Ich beobachte die anderen Gäste, sehe sie trinken und reden, sehe, wie sie ihr Glas halten und ihre Zigaretten rauchen. In Gedanken zeichne ich sie.

Ich bin nicht der Einzige, der ohne Begleitung in die Kneipe geht. Ich zeichne die Einsamen, die allein an der Theke sitzen, oder allein in einer Ecke mit einem Bier und der Zeitung und so tun, als würden sie ihre eigene Gesellschaft genießen. Irgendwann entscheiden sie, wer zu ihnen passen könnte, und rücken einander näher. Setzen sich einen Tisch weiter. Nehmen die Zeitung mit, lassen sie aber geschlossen liegen.

Ich zeichne sie in Gedanken, während sie langsam ihre Stühle umdrehen. Zentimeter für Zentimeter. Sie warten auf die richtigen Worte, um ein Gespräch zu beginnen.

Ich suche nie Gesellschaft, aber oft findet die Gesellschaft mich trotzdem.

Gerade trinke ich mein zweites Bier, als sie sich neben mich setzt.

Sie ist blond und sonnengebräunt. Sieht aus wie Ende zwanzig, ist aber wahrscheinlich älter.

Sie steckt sich eine Zigarette zwischen die Lippen. Holt ein Feuerzeug aus der Tasche und legt es vor sich auf die Theke. Dann sieht sie es an, als habe sie vergessen, was man damit tut.

Sie dreht sich zu mir um und fragt, ob ich ihr nicht helfen wolle. Sie würde sich immer den Daumennagel aufreißen, dabei habe sie gerade neue Nägel. Sie zeigt mir ihre Hände. Die Nägel sind lang, knallrot und natürlich nicht echt. Ihre eigenen habe sie abgeknabbert, sagt sie lächelnd.

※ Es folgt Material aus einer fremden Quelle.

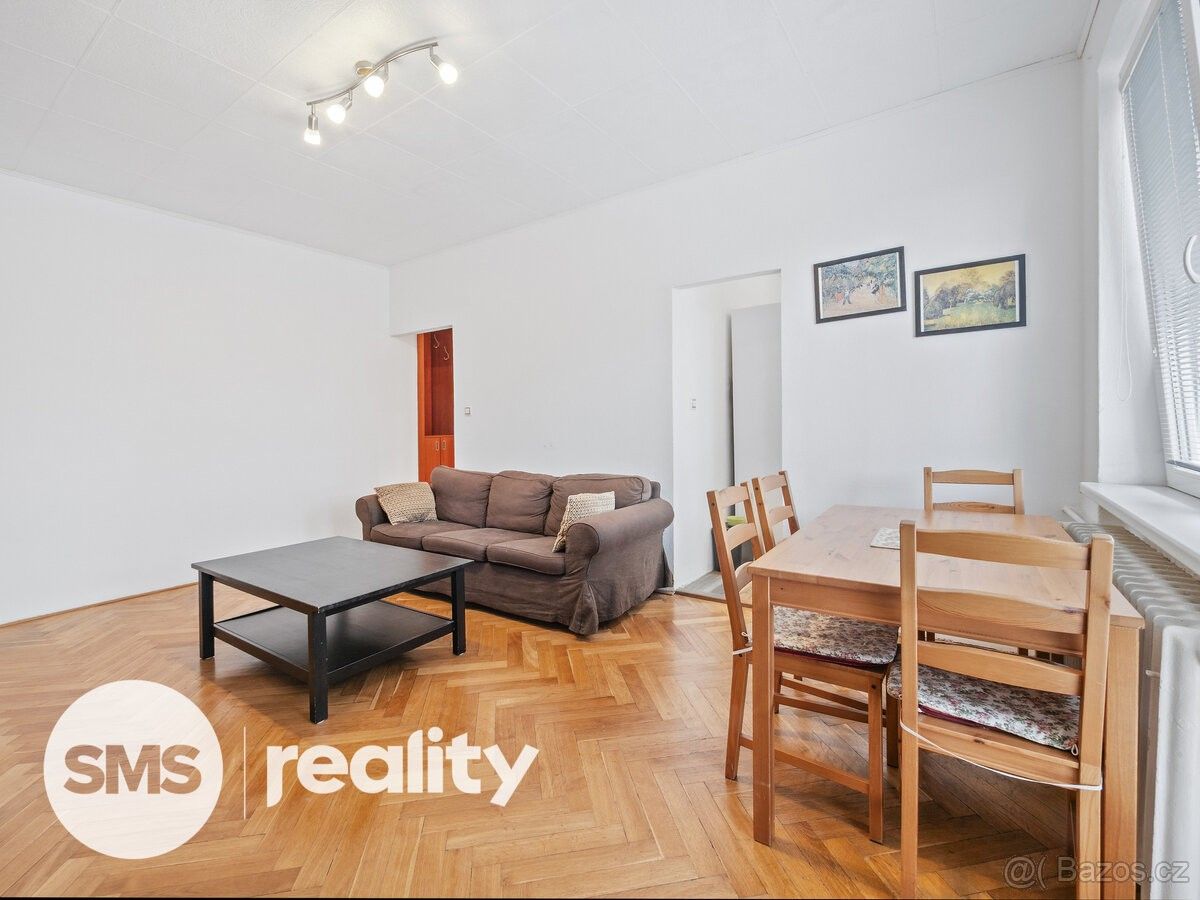 Pronájem byt - Třebíč, 674 01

Sie lädt mich auf ein Bier ein, zieht einen Geldschein aus einem Bündel.

Sagt, dass sie Model sei.

Sie bestellt uns Drinks mit kleinen Schirmen und erzählt, dass sie in Pornofilmen spiele.

Wenn sie abends heimkomme, habe sie so viele Schwänze gesehen, dass sie von Elefanten träume, die die ganze Nacht trompeten.